= Mandamento (Sicilian Mafia) =

District of three geographically contiguous Mafia cosche

Within the Cosa Nostra, a mandamento is traditionally a district of three geographically contiguous Mafia cosche, which are families controlling a single land feud, or a city ward, in Sicily.
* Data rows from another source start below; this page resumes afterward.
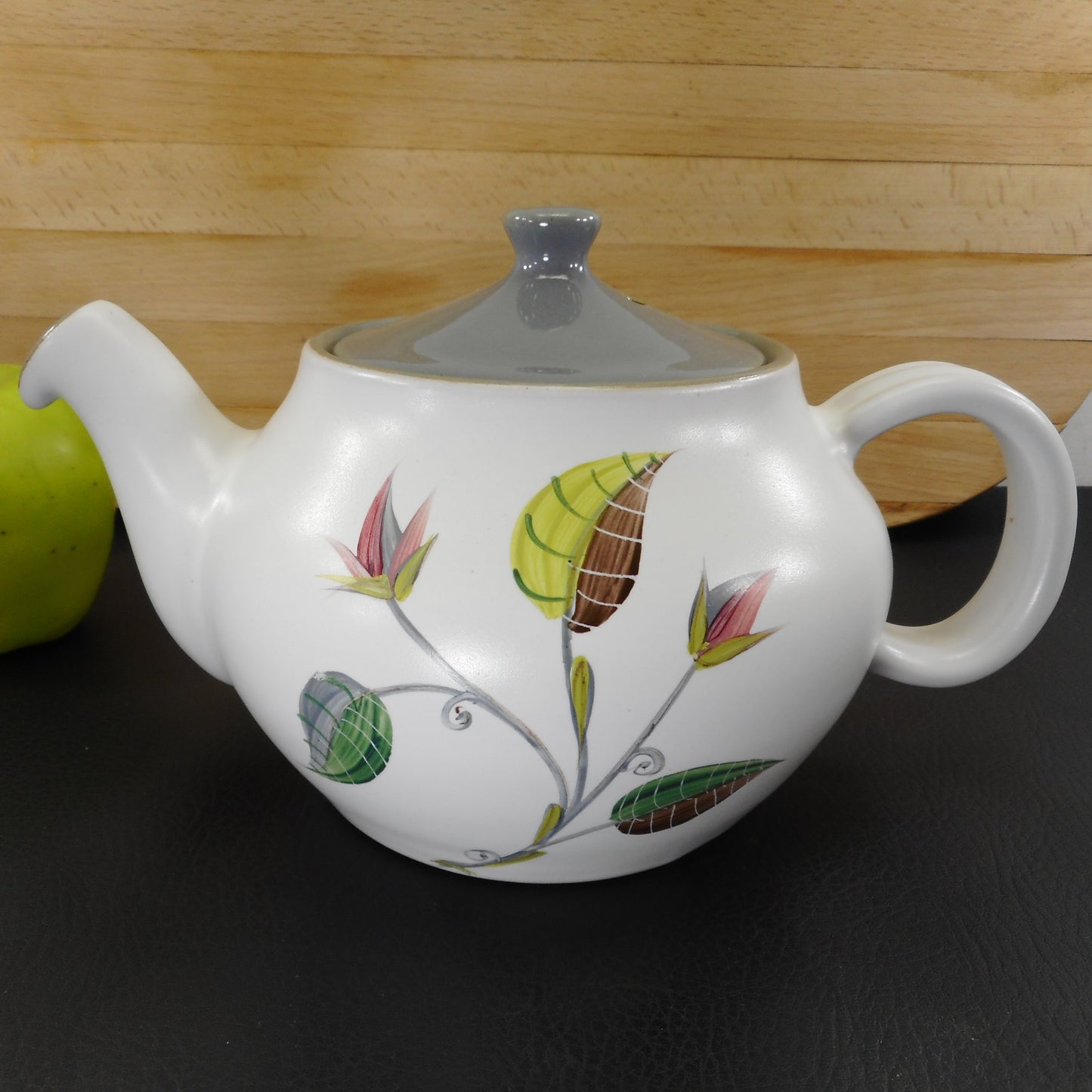 Denby England Stoneware Spring Pattern Teapot - Signed Albert College Grey White Flowers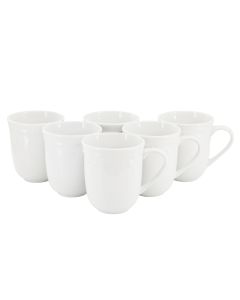 Elama Henryi 6 Piece 12 Ounce Porcelain Mug Set in White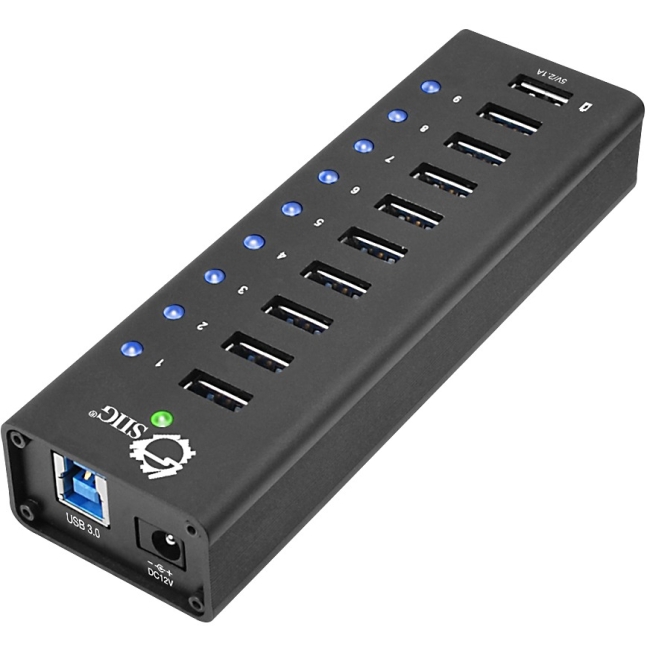 SIIG USB 3.0 9-Port HUB + 1-Port 2.1A Charging with 12V/5A Power Adapter JU-H90011-S1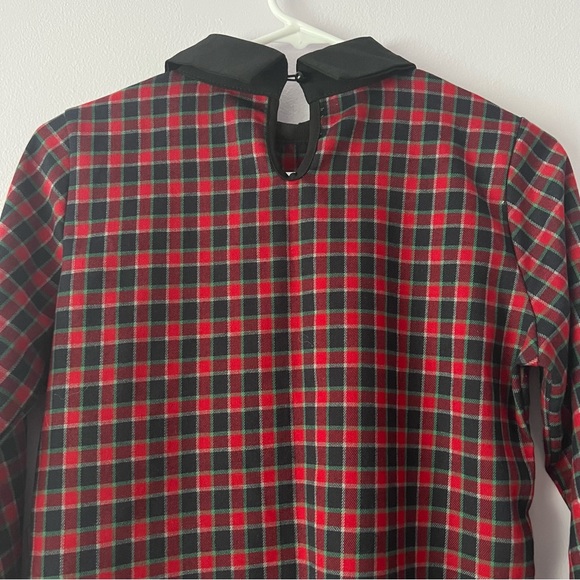 🍉 Women's Peter Pan Contrast Collar Checkered Plaid Shirt Blouse Small - Picture 7 of 11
A capomandamento represents the head of a territory, the mandamento, and is usually entitled to be part of the provincial Mafia Commission.

==List of mandamenti==
Palermo – The city of Palermo is divided into 8 local mandamenti: Porta Nuova, Brancaccio, Boccadifalco, Passo di Rigano, Santa Maria di Gesù, Noce, Pagliarelli, Resuttana and San Lorenzo.

Province of Palermo – The province of Palermo is divided into 7 mandamenti: Camporeale (born from the merger of the mandamenti of Partinico and San Giuseppe Jato), Corleone, Cinisi, Bagheria, Trabia, Belmonte Mezzagno, San Mauro Castelverde.

Province of Agrigento – The province of Agrigento consists of 10 mandamenti: Agrigento, Santa Elisabetta, Porto Empedocle, Canicattì, Cianciana, Ribera, Sambuca di Sicilia, Casteltermini, Palma di Montechiaro and Campobello di Licata.

Province of Trapani – The province of Trapani consists of 4 mandamenti: Castelvetrano, Trapani, Mazara del Vallo and Alcamo.

Province of Caltanissetta – The province of Caltanissetta consists of 4 mandamenti: Gela, Vallelunga Pratameno, Riesi and Mussomeli.

=== Other provinces ===
Province of Catania – The province of Catania has no mandamenti, but is instead controlled by 3 mafia families: Catania, Caltagirone and Ramacca.

Province of Enna – The province of Enna has no mandamenti, but is instead controlled by 5 mafia families: Barrafranca, Calascibetta, Enna, Pietraperzia and Villarosa.